[TASK MATERIAL — start]

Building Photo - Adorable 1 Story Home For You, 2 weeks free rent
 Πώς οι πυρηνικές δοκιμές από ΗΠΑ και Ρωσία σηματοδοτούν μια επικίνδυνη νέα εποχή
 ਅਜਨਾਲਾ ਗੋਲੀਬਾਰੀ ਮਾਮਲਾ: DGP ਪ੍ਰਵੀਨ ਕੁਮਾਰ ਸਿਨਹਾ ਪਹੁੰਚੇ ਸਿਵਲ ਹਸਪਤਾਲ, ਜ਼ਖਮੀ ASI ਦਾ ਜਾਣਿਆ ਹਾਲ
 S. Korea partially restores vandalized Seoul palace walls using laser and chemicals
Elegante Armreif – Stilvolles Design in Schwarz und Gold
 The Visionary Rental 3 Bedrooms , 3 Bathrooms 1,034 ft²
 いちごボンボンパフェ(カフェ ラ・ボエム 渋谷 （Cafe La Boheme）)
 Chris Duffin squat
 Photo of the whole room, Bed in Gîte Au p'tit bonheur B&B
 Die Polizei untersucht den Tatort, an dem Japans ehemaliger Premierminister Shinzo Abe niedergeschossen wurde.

[TASK MATERIAL — finish]

**PROBLEM REQUIREMENTS**
Restate, please, word for word the span of records running from the first line to the line bearing "Elegante Armreif –", both included, and nothing outside it.

**EXERCISE RESPONSE**
Building Photo - Adorable 1 Story Home For You, 2 weeks free rent
 Πώς οι πυρηνικές δοκιμές από ΗΠΑ και Ρωσία σηματοδοτούν μια επικίνδυνη νέα εποχή
 ਅਜਨਾਲਾ ਗੋਲੀਬਾਰੀ ਮਾਮਲਾ: DGP ਪ੍ਰਵੀਨ ਕੁਮਾਰ ਸਿਨਹਾ ਪਹੁੰਚੇ ਸਿਵਲ ਹਸਪਤਾਲ, ਜ਼ਖਮੀ ASI ਦਾ ਜਾਣਿਆ ਹਾਲ
 S. Korea partially restores vandalized Seoul palace walls using laser and chemicals
Elegante Armreif – Stilvolles Design in Schwarz und Gold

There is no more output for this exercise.